I do agree that the analogy is flawed -- is the shape of a fork more like the api or the source code? I suppose the main difference is that many useful physical things are trivial conceptually (once you've had/seen the idea).


I'm talking about tinkering because that was the example I was responding to. I think your lack of logic in this thread is unethical. Saying so doesn't make it true though, does it? Actually, nothing you said is logical. You don't have to take a windows programming course, you can choose the many more nix based courses. Those are choices, along with my choice to use proprietary or open licences. You want to remove my ability to make that choice. Foss should exist, and so should proprietary. Anyone dictating that only one or the other should exist is an extremist.

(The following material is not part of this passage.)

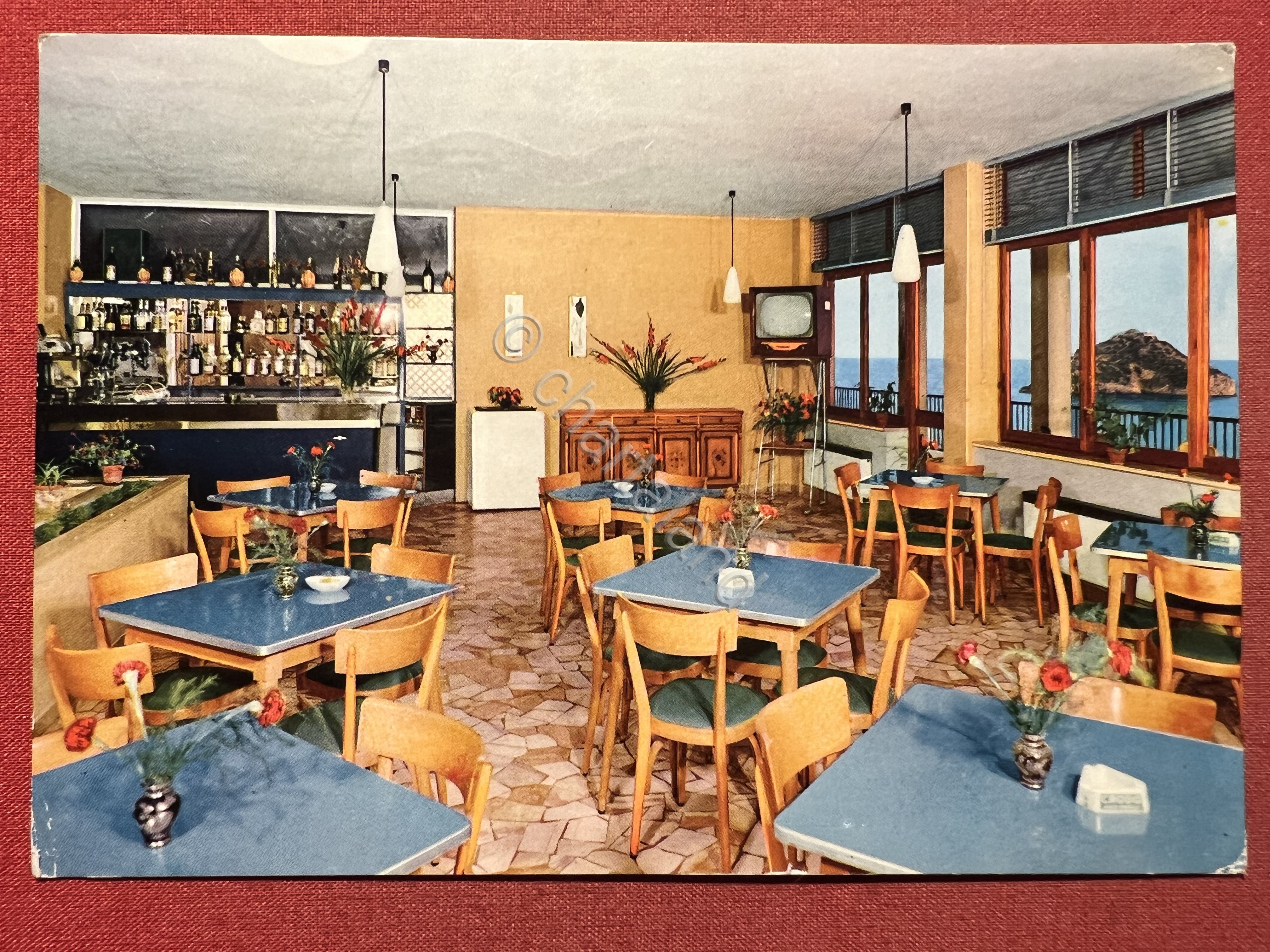 Cartolina - Riviera delle Palme - Spotorno - Soggiorno Adolfo …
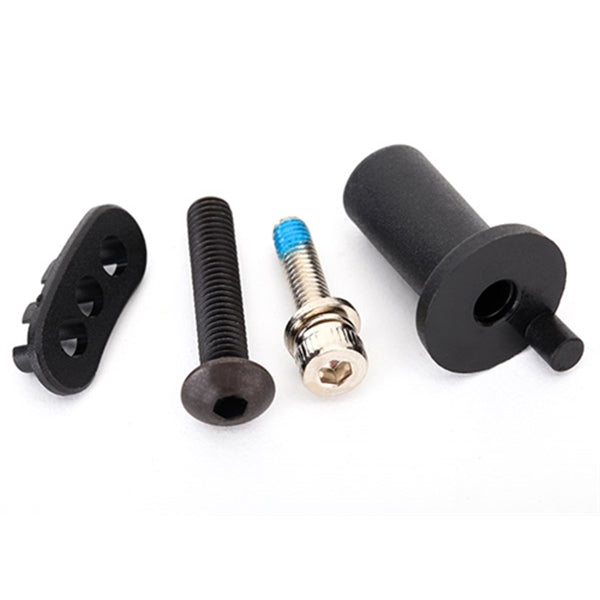 Traxxas Motor Mount Hinge Post - Remote Control Toys - Traxxas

Your arguments are framed as if to make them valid, but they are still fallacies. The MIT licence exists for a reason, and the reason it's the most commonly used. It's the non-extremist licence.

Anyway, I'm done. Arguing with extremists is a fools errand. I believe there is a place for all models.


Insisting people pass on the freedoms that they benefited from to other users, is not extremism. You have a chip on your shoulder.

You say that copyleft removes your freedom to choose to distribute a program as proprietary software. This is correct, but you portray it highly disingenuously, like it's an equally weighted choice.

Generally, freedom has the most influence when its recipients are those at a lower position of power. The power of the software vendor is to have full control over the usage of the program, ostensibly either to provide a better UX (which is dubious), to exercise their IP (an ethical landmine), to benefit from unsustainable per-unit business models that ignore software's intrinsically anti-rivalrous, non-scarce and intangible nature, or other reasons.

Let us see how the user is affected. And keep in mind, all programmers are users. Programmers will be using other people's software at dramatically higher quantities than they will ever write anything individually. As such, user freedom is of paramount importance to them.

Now, for a certain amount of convenience on part of the vendor, the user is put in a position where they cannot a) run the program for all purposes that they may desire to use it, b) study and change it to adjust it to their needs, c) share it with friends, neighbors and acquaintances and d) enrich their community by sharing modified copies. In other words, they get software without most of the benefits that actually comes with having things be software in the first place.

As such, the users lose individual and collective control for the benefit of the vendor, but at a deadweight loss for everyone else. Because, when the software leaves the vendor into another person's machine, how it's used is in no natural sense of any interest to them. Not anymore than a chef is interested in how other people use their recipe. This has been accepted as the first-sale doctrine by courts across the world.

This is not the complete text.